What’s the best geographic unit to use for health workforce analysis?

The study’s purpose, design, data, confidentiality considerations, and funder requirements should inform which geographic unit of analysis is most appropriate. For a broader discussion of geographic units, see Chapter 5. Geography and Disparities in Health Care (Ricketts, TC) in Guidance for the National Healthcare Disparities Report.

Studies that work with small cell sizes, especially in small geographic units, should consider the risk of deductive disclosure, where an individual’s identity may be ascertained using known characteristics, such as race and age, even when direct identifiers, such as name and address, are removed.

Studies that use multiple datasets at varying geographic units can aggregate or approximate the data to larger geographic areas. For example, the FutureDocs Forecasting Tool created tertiary service areas by aggregating groups of counties to approximate the Dartmouth Atlas Hospital Referral Regions, which are built on ZIP Codes.

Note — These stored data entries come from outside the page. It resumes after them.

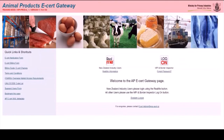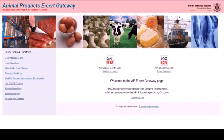We'll start by looking at the first page you'll see when you go to the eCert link. This is an example of the gateway page for the training site. You can tell it's the training site because it has a pink bar at the top. The login button is the RealMe button right in the middle of the screen. There's also a link to the RealMe page just underneath that, so if you need to get your RealMe login sorted, you can click on that link.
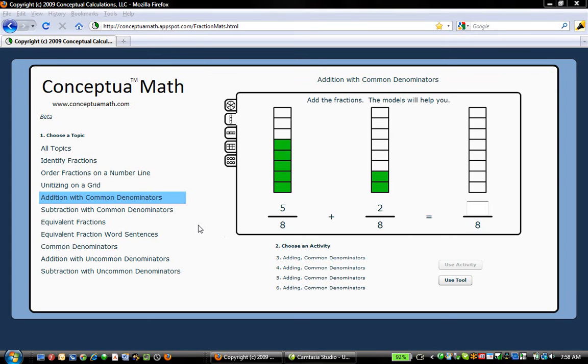This video is to orient you to the controllers that are on many of the fraction tools that we have in the product.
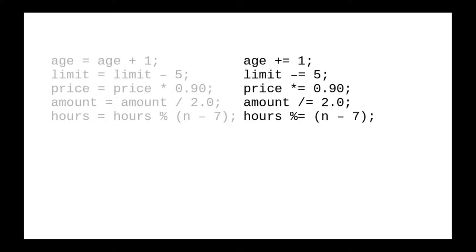Age plus equals one is the same as age equals age plus one. Limit minus equals five is the same as limit equals limit minus five, and so on.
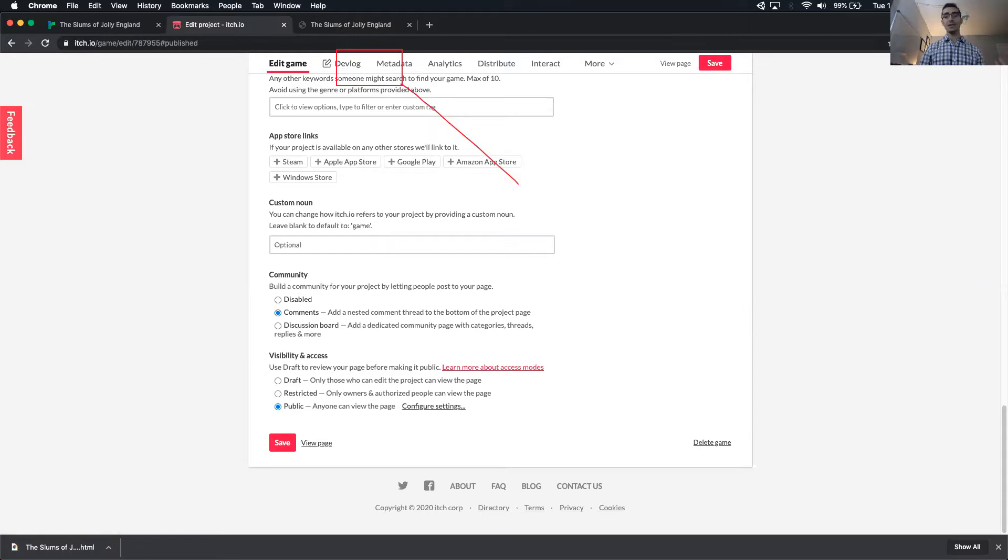And I'm not actually going to save mine because I don't want this to be public, but that's how you would do it. So there it is. A couple minute tutorial on uploading a Twine game to itch.io. Keep making games. Good luck. Have fun.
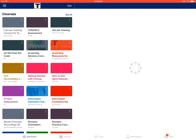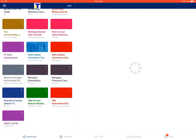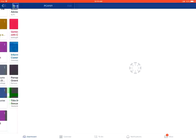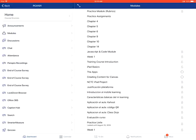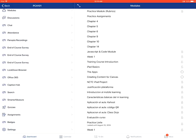This tutorial covers how to view assignment comments from your instructor in the Canvas student app on an Apple iOS device. The first step is to tap on the course that you want to go into, and then on the left, you'll tap on the assignments option.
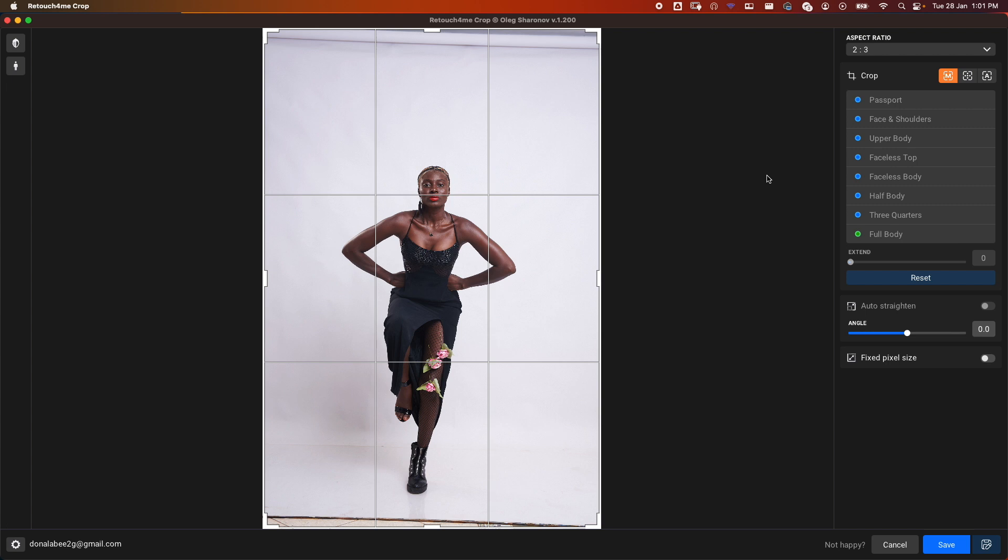If you're a photographer who shoots e-commerce or photos for ID purposes, you'll know how tedious it is to crop all these images to a particular size or ratio. Fortunately, Retouch for Me has released a new tool to do this for you. Retouch for Me Crop is an AI-powered solution that transforms your workflow. It analyzes your images and suggests the most balanced and professional crop in seconds.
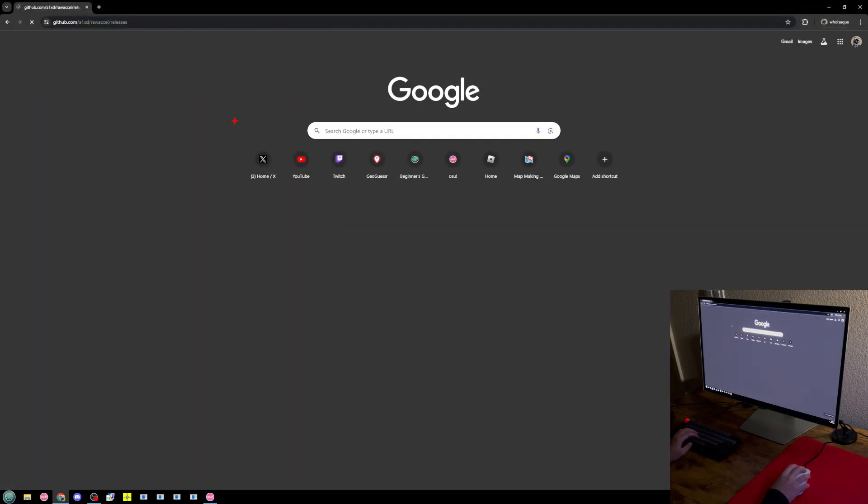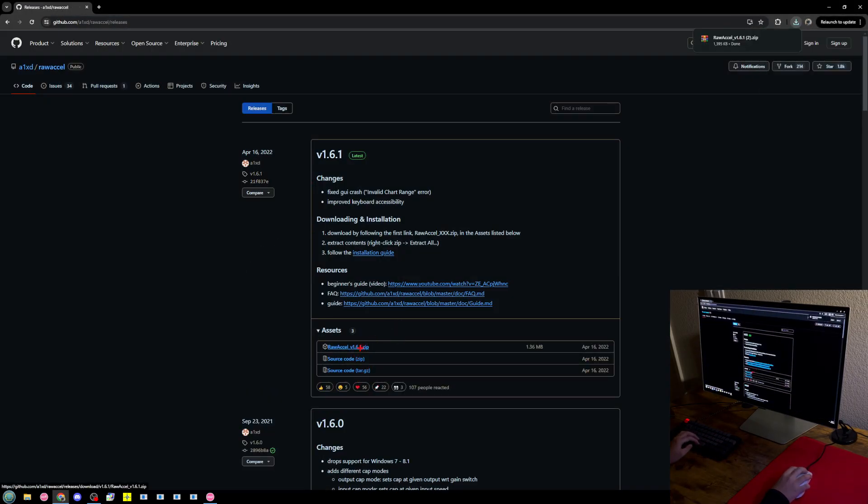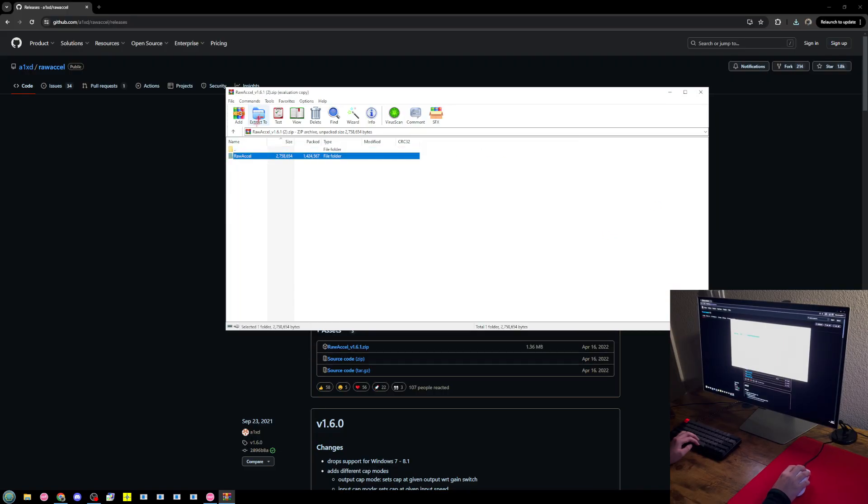So you're just going to open the link I have in the description right here. Download the Excel. I already have it, so just extract it to your desktop.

Analyses using sample data should evaluate the data’s sampling unit and frame when determining an appropriate geographic unit of analysis. Data derived from a sample will have some degree of uncertainty associated with the estimates. Generally, the smaller the sample the larger the sampling error. Relying on a small geographic unit may further exacerbate the uncertainty around the estimates and prevent researchers from producing reliable statistics. Therefore one should carefully consider the data-generating process before considering the geographic unit of analysis.